Hood film
| Hood film | |
|---|---|
Director John Singleton, one of the pioneers of the genre. | |
| Years active | 1990s - 2000s |
| Location | United States |
| Major figures | Hughes Brothers, Ernest Dickerson, F. Gary Gray, Spike Lee, John Singleton, Mario Van Peebles |
| Influences | Blaxploitation, L.A. Rebellion, Mexploitation, Race film |
Hood film is a film genre originating in the United States, which features aspects of urban African American or Hispanic American culture. The genre is generally considered to have been popularized in the 1990s with films from noted directors such as John Singleton, Mario Van Peebles, F. Gary Gray, the Hughes Brothers, and Spike Lee.
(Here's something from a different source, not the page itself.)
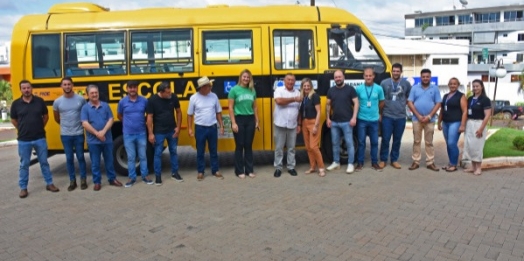 São Miguel do Iguaçu recebe ônibus novo para o transporte de estudantes do município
The genre has been identified as a sub-genre of the gangster film genre.
The genre has since spread outside the U.S., to places such as the United Kingdom and Canada.
Hood films have been variously described under a wide-array of names by critics, such as 'street-gang', 'ghetto-centric', 'action-crime-adventure', 'gangsta rap films', 'black action films', 'new black realism', 'new jack cinema', and 'black urban cinema'. Lee disparagingly referred to the genre as 'hiphop, urban drama, ghetto film'.